- _Activity_
Your task is to reproduce exactly the lines from the one containing "Женские серьги-кольца в" through the last line below, both ends included, and nothing else, with no pictures.

- _Supplied data_
* * *
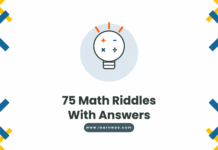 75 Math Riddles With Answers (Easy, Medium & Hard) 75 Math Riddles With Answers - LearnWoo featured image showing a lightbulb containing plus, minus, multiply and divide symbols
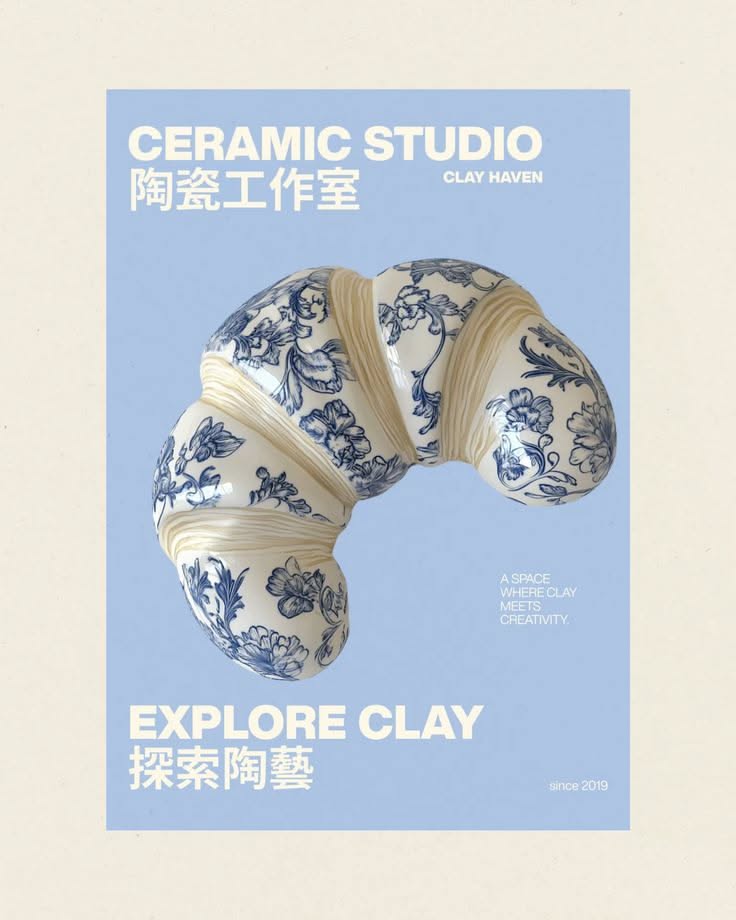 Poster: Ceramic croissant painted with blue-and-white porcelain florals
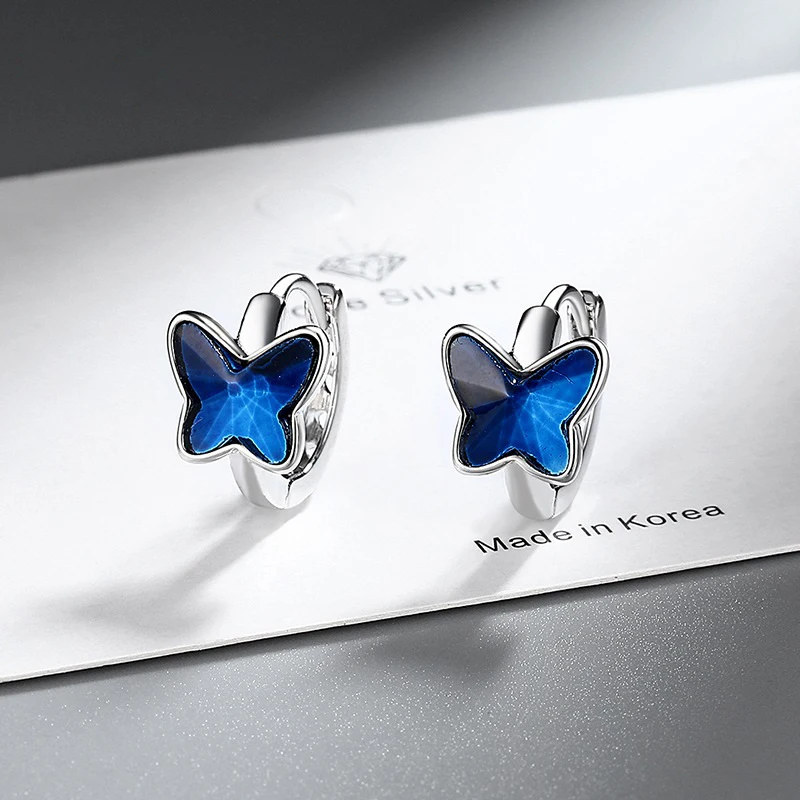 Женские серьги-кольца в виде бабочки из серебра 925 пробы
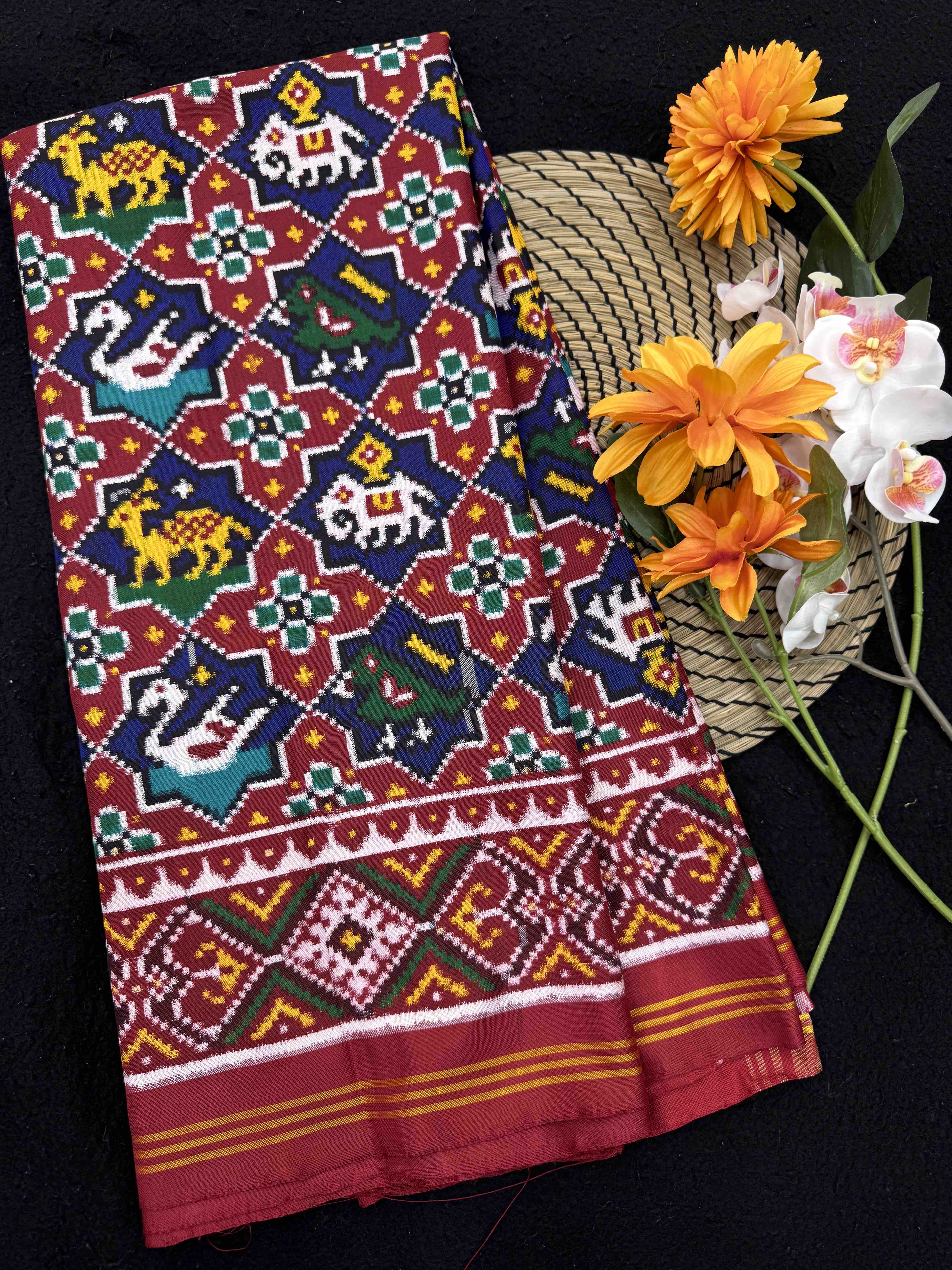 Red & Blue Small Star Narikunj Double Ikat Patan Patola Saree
* * *
- _Written solution_
 Женские серьги-кольца в виде бабочки из серебра 925 пробы
 Red & Blue Small Star Narikunj Double Ikat Patan Patola Saree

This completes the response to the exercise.